Short text fragments from websites:
[Start of section]

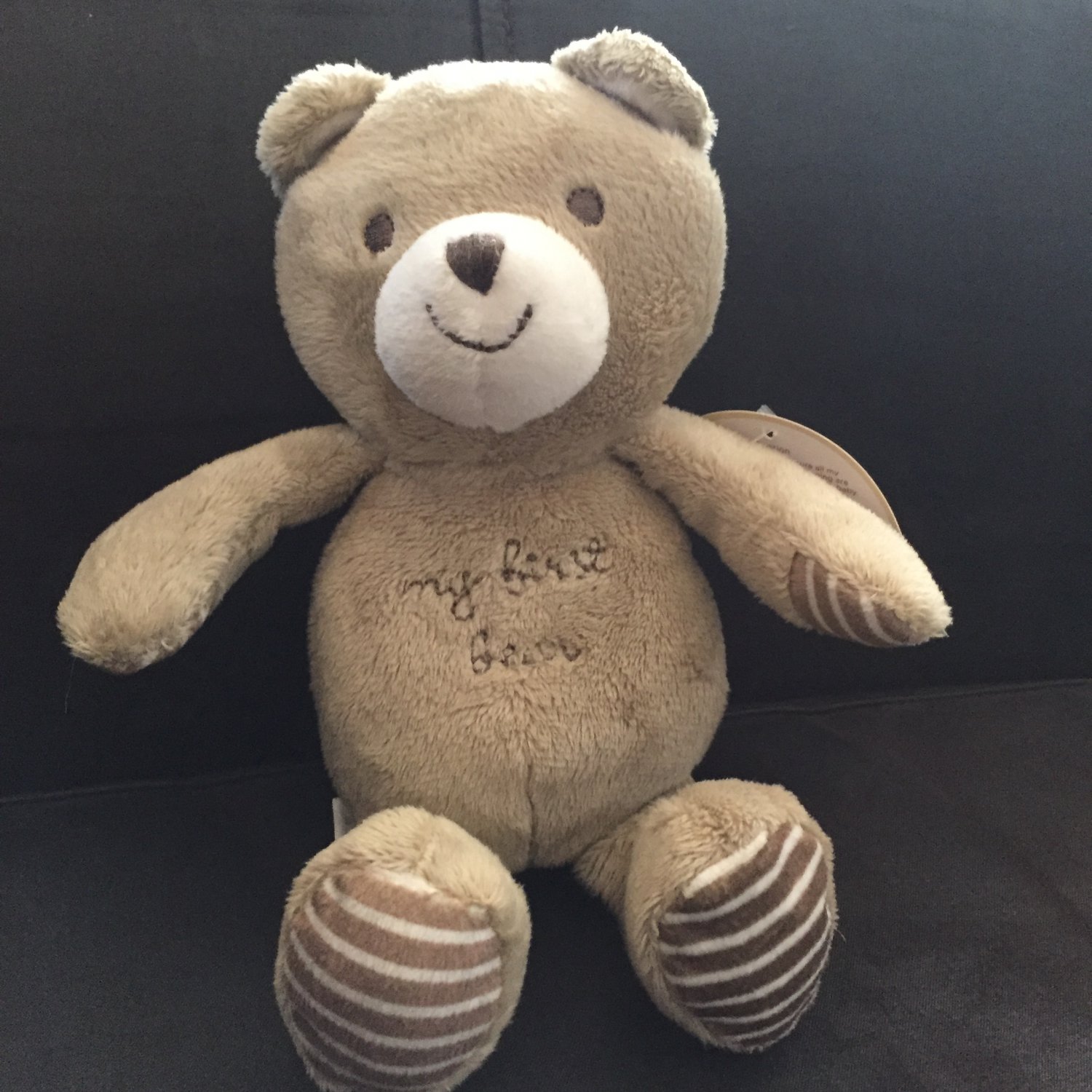 carters precious firsts teddy bear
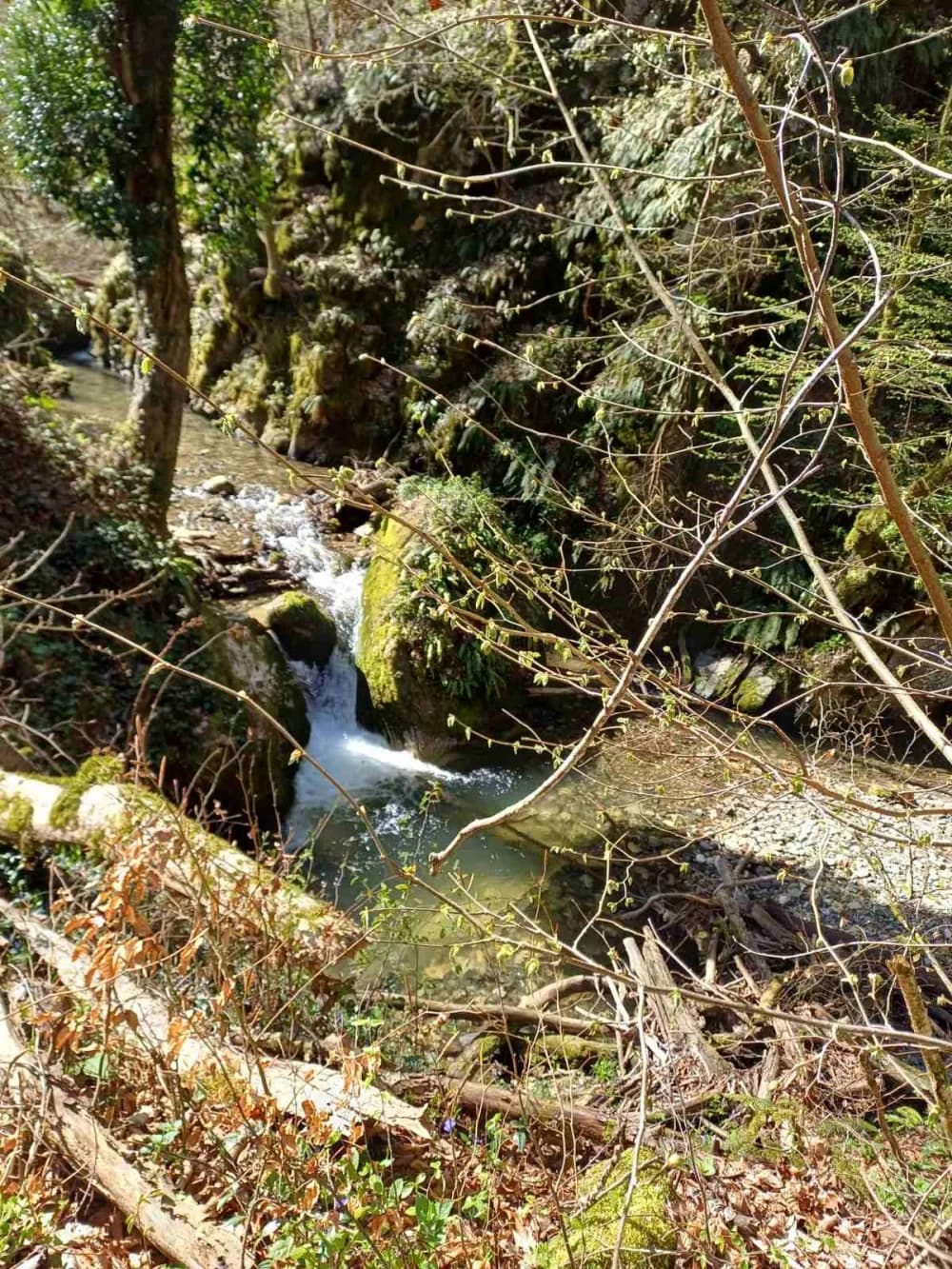 ’Gojzerice’ u nedjelju obišle Španovicu - Čaklovačku kulu - Omanovac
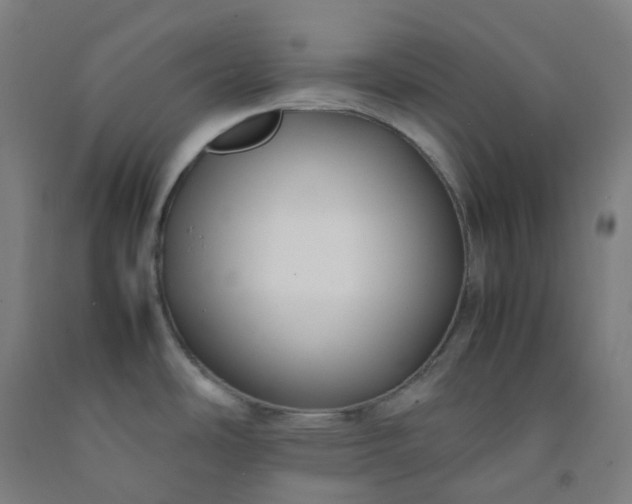 X0000092251486200709281134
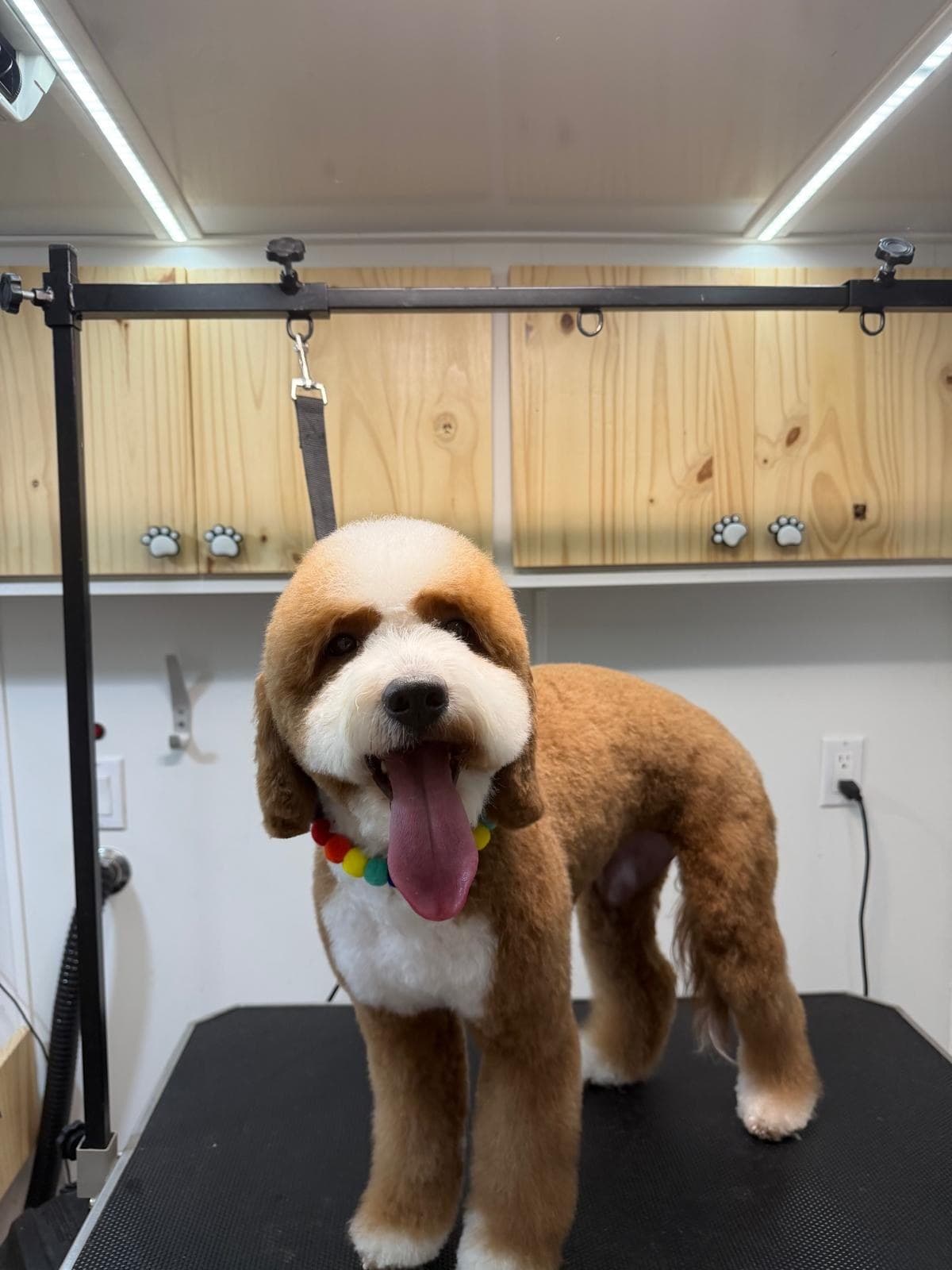 Doodle rojo y blanco recién arreglado dentro del salón móvil
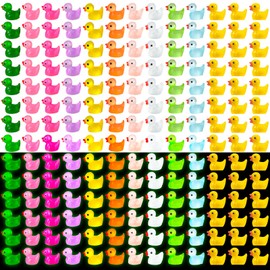Vyuwast 200 PCS Mini Resin Ducks and Colorful Luminous Tiny Ducks, 10 Colours Tiny Miniature Ducks, Miniature Duckies Figures Kit for Aquarium Garden, Potted Dollhouses Christmas Decoration
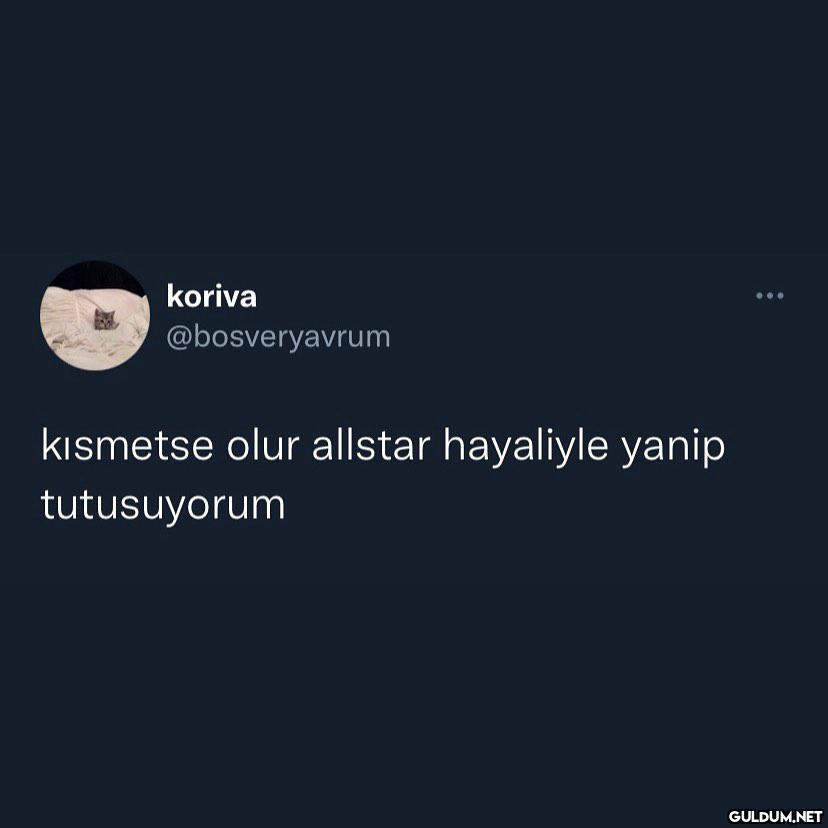 kafayı anca toplar  koriva...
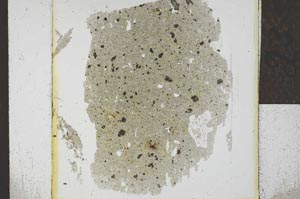 Plane Polarized, S23979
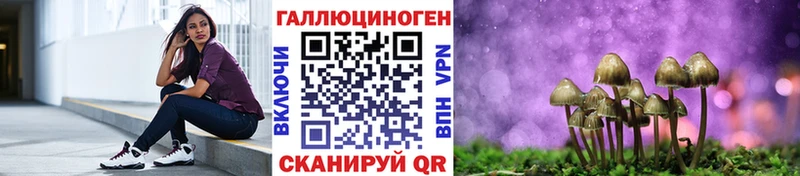 Псилоцибиновые грибы MAGIC MUSHROOMS  что такое наркотик  Заволжье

[End of section]

■ **EXERCISE BRIEF**
Only the lines from the one containing "X0000092251486200709281134" through the end of the records should be copied, exactly and with both ends included; the pictures should not.

■ **EXERCISE OUTPUT**
 X0000092251486200709281134
 Doodle rojo y blanco recién arreglado dentro del salón móvil
Vyuwast 200 PCS Mini Resin Ducks and Colorful Luminous Tiny Ducks, 10 Colours Tiny Miniature Ducks, Miniature Duckies Figures Kit for Aquarium Garden, Potted Dollhouses Christmas Decoration
 kafayı anca toplar  koriva...
 Plane Polarized, S23979
 Псилоцибиновые грибы MAGIC MUSHROOMS  что такое наркотик  Заволжье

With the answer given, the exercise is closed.